Catholic schools are abandoning sections of their Sex and Relationship Education policies under pressure from the British Humanist Association who have accused them of promoting section 28 type policies about homosexuality. The British Humanist Association, led by the homosexual Andrew Copson, has complained to the Department of Education who stated:
‘‘What these schools have done by singling out homosexuality is unacceptable. All schools can draw up their own sex education policy but they must ensure they do not discriminate unfairly on grounds of sexual orientation. Our sex and relationship education guidance makes it clear that schools should not promote any sexual orientation. The DfE will be looking into these schools.’
Section 28 was a fantastic law introduced by Margaret Thatcher that sought to protect young people from gay propaganda. Section 28 prohibited local authorities from ‘intentionally promote homosexuality or publish material with the intention of promoting homosexuality’ and from promoting the teaching in any maintained school of the acceptability of homosexuality as a pretended family relationship.’
Sadly, only two Catholic schools were identified by the British Humanist Association of either containing references to section 28 or promoting section 28 type policies on homosexuality. The Tablet reports:
‘Research by the British Humanist Association (BHA) found that 45 schools – including St Ignatius College in Enfield, London, and St Illtyds R.C. High School in Cardiff – referred to section 28 of the Local Government Act 1988 within their sex education policies. Both St Ignatius College and St Illtyds’ policies stated that section 28 did not prevent the objective discussion of homosexuality because it did not apply to schools.’
Sadly, the Diocese of Cardiff’s Education Department has immediately crumbled under the pressure from the British Humanist Association and the Department of Education according to The Tablet, ‘Cardiff Archdiocese’s Director of Schools will ask St Illtyds to review its policy to ensure full legal compliance when schools resume in September.’

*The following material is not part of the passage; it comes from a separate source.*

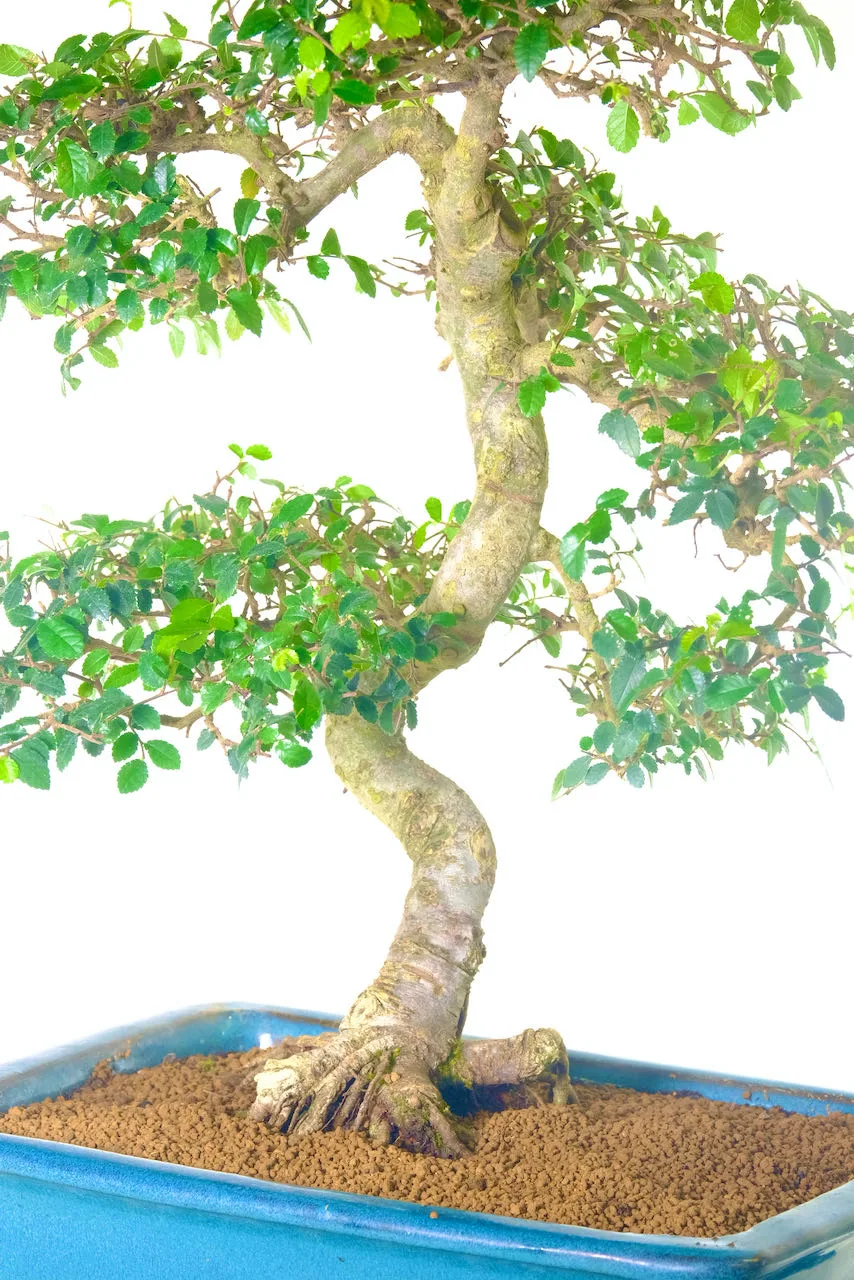 Refined Chinese Elm bonsai with gnarly trunk and small petit leaves.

Protect the Pope comment: Every Catholic school in the UK should, of course, have SRE policies that are based on the Church’s doctrine on sexual ethics and the sacrament of marriage, as expressed in the Catechism of the Catholic Church. This, of course, means that all Catholic schools are prohibited by the Church’s doctrine from promoting homosexuality or publish material with the intention of promoting homosexuality’ and from promoting the teaching in any maintained school of the acceptability of homosexuality as a pretended family relationship.’ Though our schools don’t need to refer to section 28, they do need to maintain the prohibitions expressed by section 28, irrespective of the Department of Education’s pressure to enforce legal compliance. This is obvious, but regrettably needs stating based on the track record of our Catholic institutions to compromise and capitulate at the first sign of trouble. Haven’t they got it yet, Catholic schools are in big trouble.